Reference

excel_ngrams.console

Command-line interface.

excel_ngrams.grammer

Client to get ngram values from Excel document.

class excel_ngrams.grammer.FileHandler(file_path, sheet_name=0, column_name='Keyword')

Class to handle reading, data extraction, and writing to files.

file_path

The path to Excel file to be read.

Type

str

sheet_name

The name or number of the sheet to read from.

Type

int or str

column_name

The name of the column to be read from. Defaults to ‘Keyword’.

Type

str

term_list

A list of terms (read from from Excel column).

Type

list

get_destination_path()

Creates path to write output csv file to.

Uses the path of the input Excel file to create an output path that mimics the input file name but is appended with the datetime and n-grams.

Returns

Path to write output file to.

Return type

str

get_file_path()

str: Getter method returns Excel doc file path.

Return type

str

get_terms()

list of str: Getter method returns terms_list.

Return type

List[str]

set_terms(file_path, sheet_name, column_name)

Sets term_list attribute from Excel doc.

Uses Pandas DataFrame as an intermediate to generate list.

Parameters
  • file_path (str) – The path to Excel file to read terms from.

  • sheet_name (int or str) – The name or number of the sheet containing terms. Defaults to 0 (first sheet when sheets are unnamed).

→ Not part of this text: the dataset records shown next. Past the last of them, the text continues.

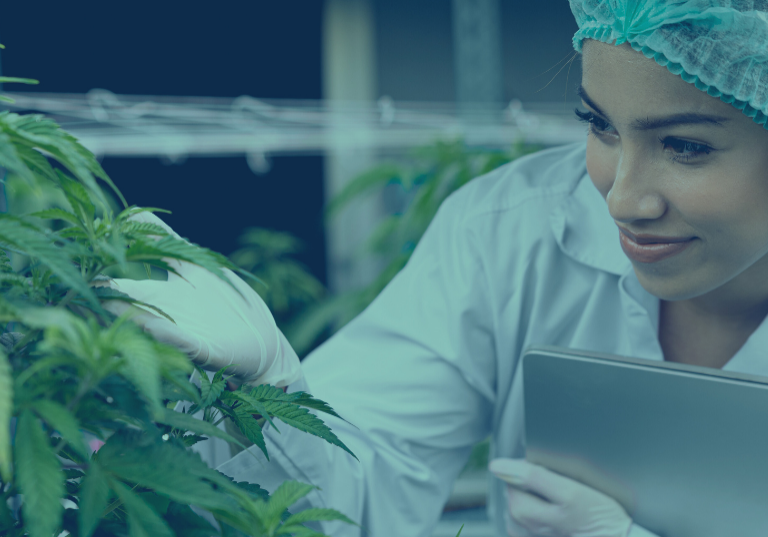 Futureproofing Your Cannabis Facility for Operational Efficiency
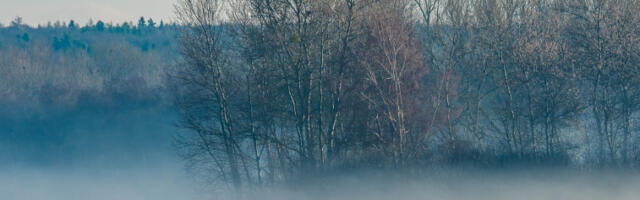 Магла у већем делу земље, током дана слаба киша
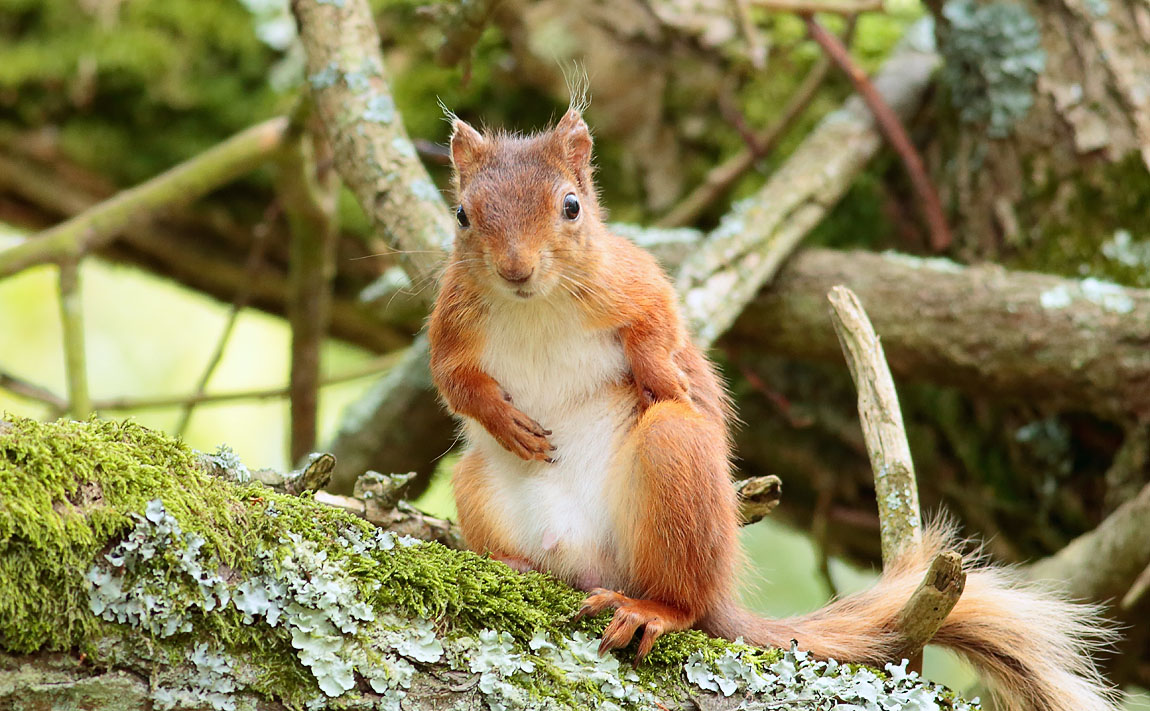 Red Squirrel_S1Q9944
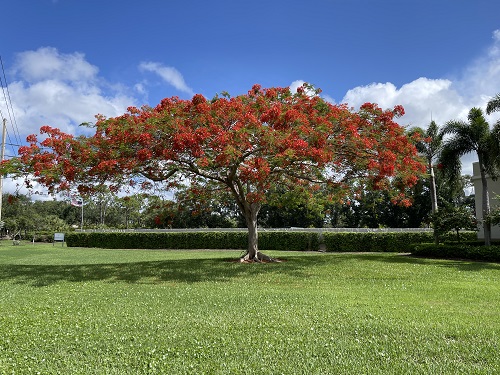 Royal Poinciana.JPG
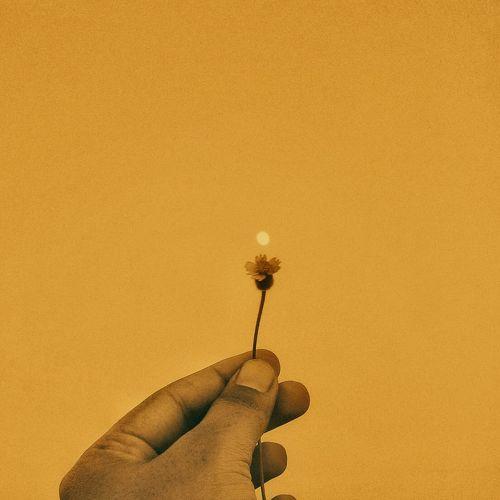 "Aroma & Moon"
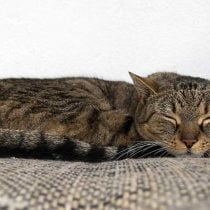 چرا گربه­ ها زیاد می­خوابند؟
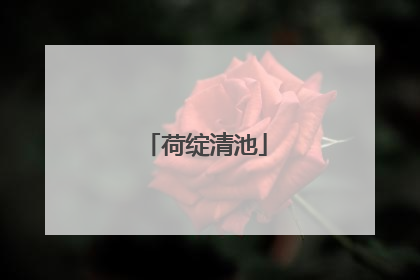荷绽清池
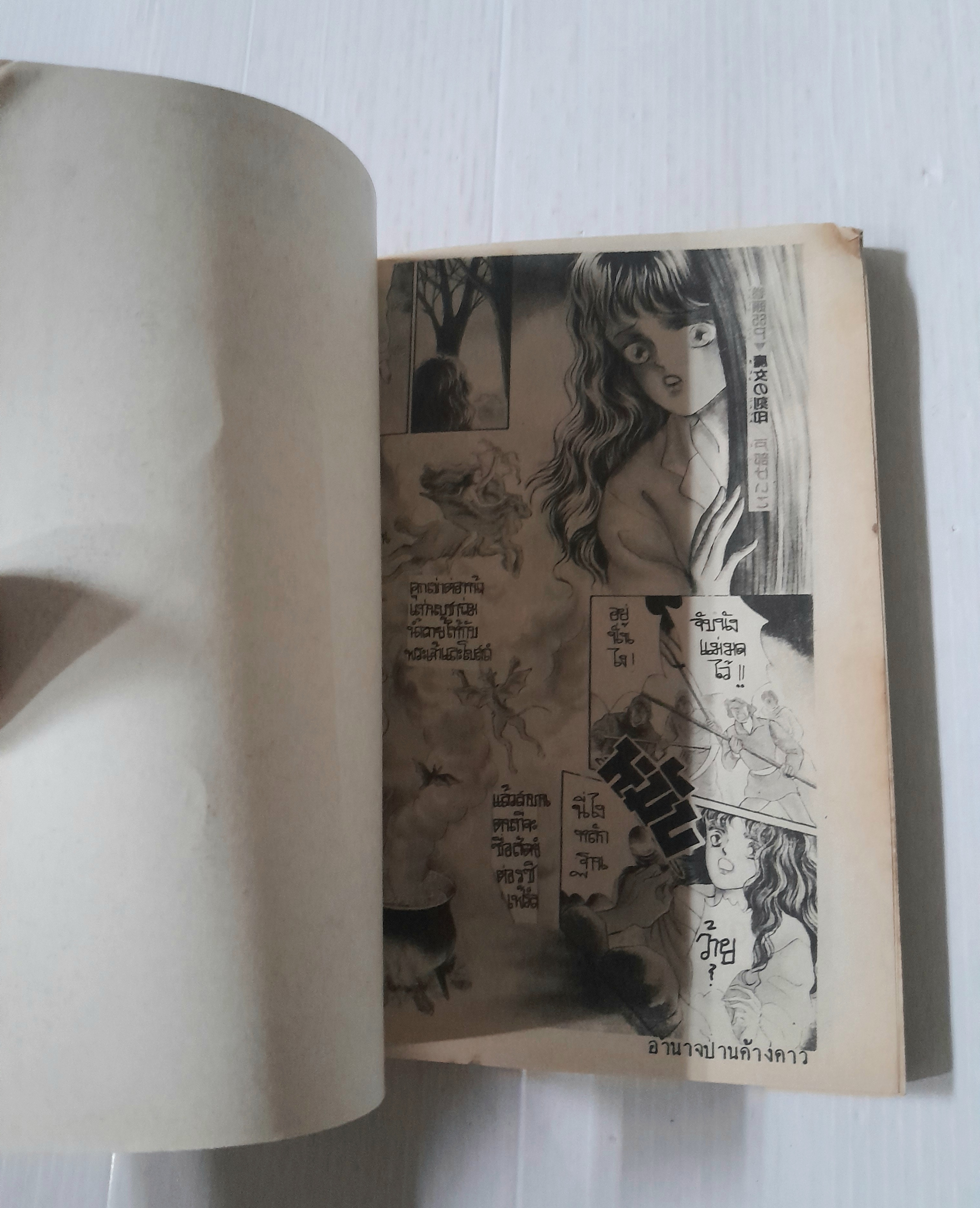 อำนาจปานค้างคาว (เล่มเดียวจบ) / Tobe Keiko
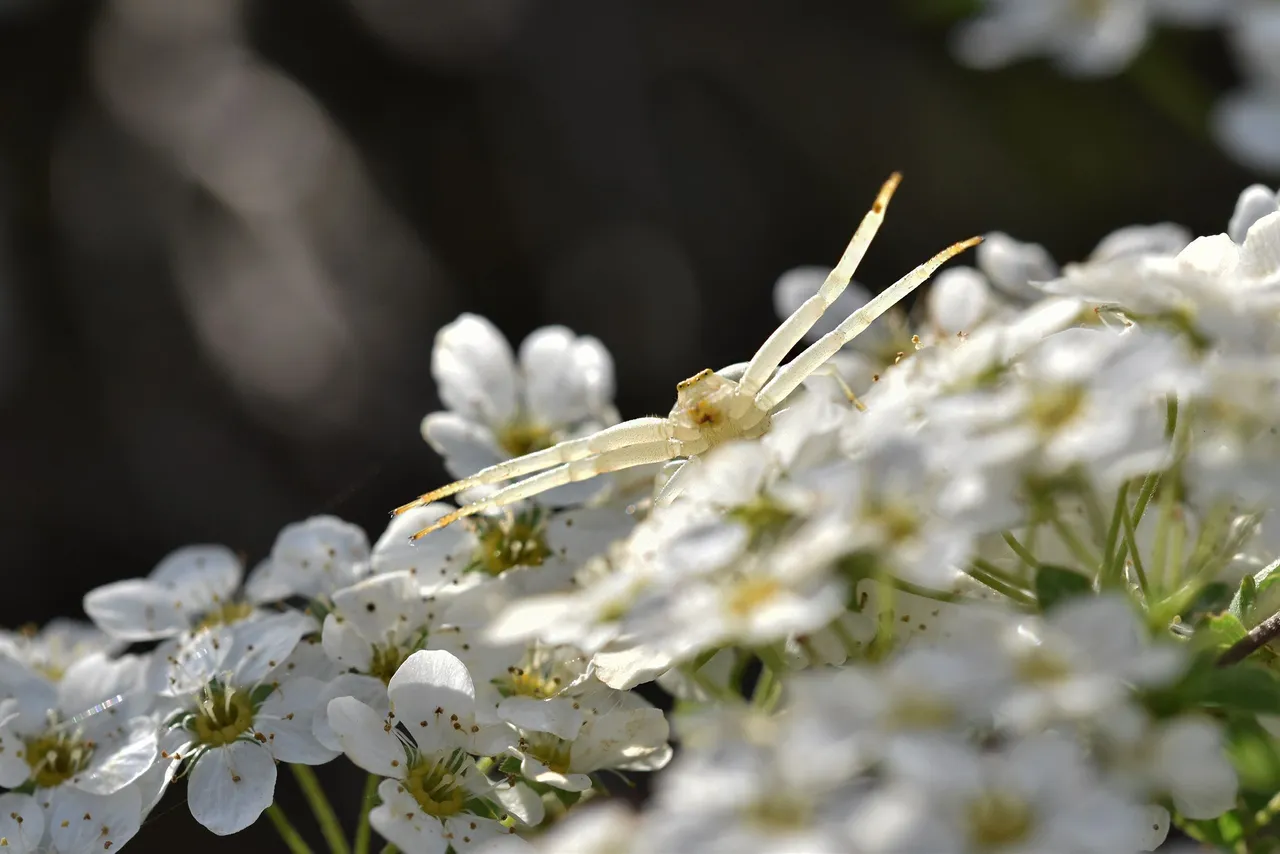 Misumena vatia crab spider flower 6.jpg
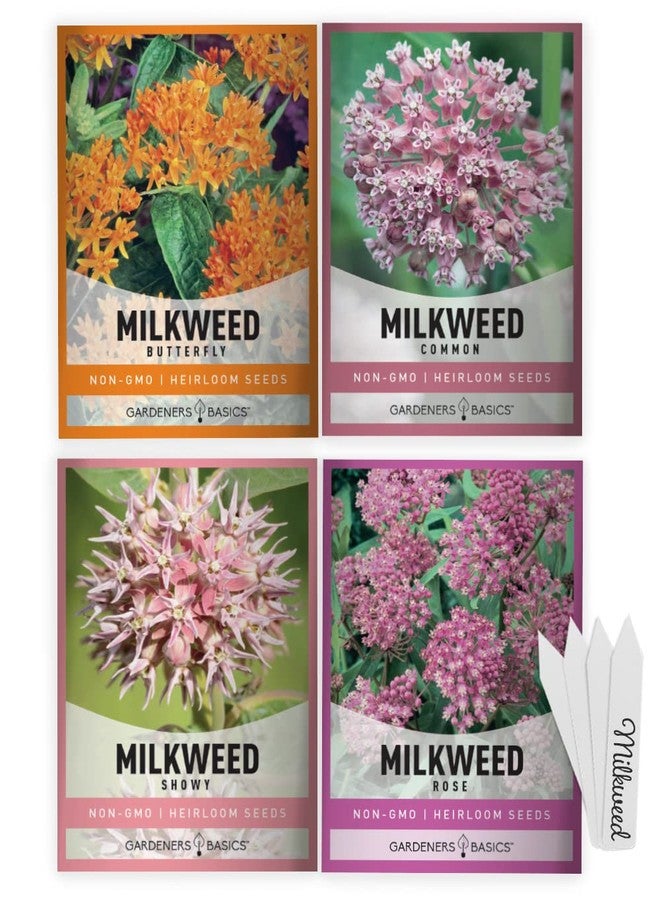 Gardeners Basics بذور نبات الصقلاب الأساسية لجذب فراشات الملك (عبوة من 4 أنواع) - أنواع شائعة، وأنواع زاهية، وأنواع خاصة بالفراشات، وأنواع خاصة بالورود - تجذب الفراشات والنحل والملقحات - بذور زهور برية تراثية - Image 1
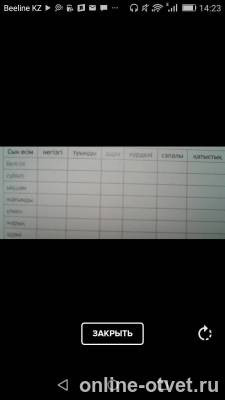 Изображение к ответу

  • column_name (str) – The name of the column header containing terms. Defaults to Keyword.

Returns

Terms from Excel as Python array.

Return type

list

write_df_to_file(df)

Writes DataFrame to csv file.

Gets path from get_destination_path method and uses Pandas to_csv function to write DataFrame to csv file.

Parameters

df (pd.DataFrame) – Dataframe of terms and values columns for ngrams.

Returns

Path to which csv file was written.

Return type

str

class excel_ngrams.grammer.Grammer(file_handler)

Class to get n-grams from list of terms.

Using Spacy’s NLP pipe and NLTK’s ngrams function to generate ngrams within a given range and output them to a Pandas DataFrame for writing to an output file.

file_handler

FileHandler obj with input file path.

Type

FileHandler

term_list

Term list from FileHandler attribute.

_nlp and _stopwords are shared across all instances, but is loaded by the constructor to avoid loading is in cases where it isn’t needed.

combine_dataframes(dataframes)

Creates single multi-column dataframe.

Takes the terms and frequency values for dataframes constructed from ngrams of various lengths and combines them into a single dataframe, e.g single term and values, bigrams and values, trigrams and values, etc.

Parameters

dataframes (list) – List of pd.DataFrames containing the dataframes to be merged, side by side.

Returns

Single combined dataframe from list of dataframes.

Return type

pd.DataFrame

df_from_terms(ngram_tuples)

Creates DataFrame from lists of terms and values as tuple.

Calls terms_to_columns on ngram_tuple to unpack them.

Parameters

ngram_tuples (list) – list of tuple`[:obj:`tuple [str], int]. Results from get_ngrams.

Returns

Pandas DataFrame comprising a column of

terms and a column of frequency values for those terms.

Return type

df(pd.DataFrame)

get_ngrams(n, top_n_results=250, stopwords=True)

Create tuple with terms and frequency from list.

List of terms is tokenised using Spacy’s NLP pipe, set to lowercase and ngrams are calculated with NLTK’s ngrams function.

Parameters
  • n (int) – The length of phrases to analyse.

  • top_n_results (int) – The number of results to return. Default is 150.

  • stopwords (bool) – flag to indicate removal of stopwords. Default is True.

Returns

List of tuples containing term(s) and values.

Return type

list of :obj:`tuple`[:obj:`tuple`[str, …], int]

in_stop_words(spacy_token_text)

Check if word appears in stopword set.

Parameters

spacy_token_text (str) – The text attribute of the Spacy token being passed to the method.

Returns

Whether text is present in stopwords.

Return type

bool

ngram_range(max_n, n=1, top_n_results=250, stopwords=True)

Gets ngram terms and outputs for a range of phrase lengths.

Gets ngrams from single terms as default up to desired maximum phrase length and creates Pandas DataFrame from results.

Parameters
  • max_n (int) – The longest phrase length desired in output.

  • n (int) – The minimum term length. Default is 1 (single term).

  • top_n_results (int) – The number of rows of results to return. Default set to 150.

  • stopwords (bool) – flag to indicate removal of stopwords. Default is True.

Returns

Combined dataframe of all results from various

term lengths to desired maximum.

Return type

pd.DataFrame

output_csv_file(df)

Write dataframe to csv file.

Parameters

df (pd.DataFrame) – Dataframe with columns of terms and values.

Returns

The path the csv file was written to.

Return type

path(str)

Raises

ClickException – Writing to csv file failed.

remove_escaped_chars(text)

Remove newline and tab chars from string list.

Parameters

text (List of str) – Terms list to be cleaned of specific chars.

Returns

Terms list without

specific chars.

Return type

without_newlines(List of str)

terms_to_columns(ngram_tuples)

Returns term/value tuples as two lists.

Parameters

ngram_tuples (list) – list of tuple`[:obj:`tuple [str], int]. Results from get_ngrams.

Returns

Terms, concatinated into

single string for multi-word terms, returned as list.

value_col(list of int): Term frequencies as list. Lists are returned together as tuple containing both lists.

Return type

term_col(list of str)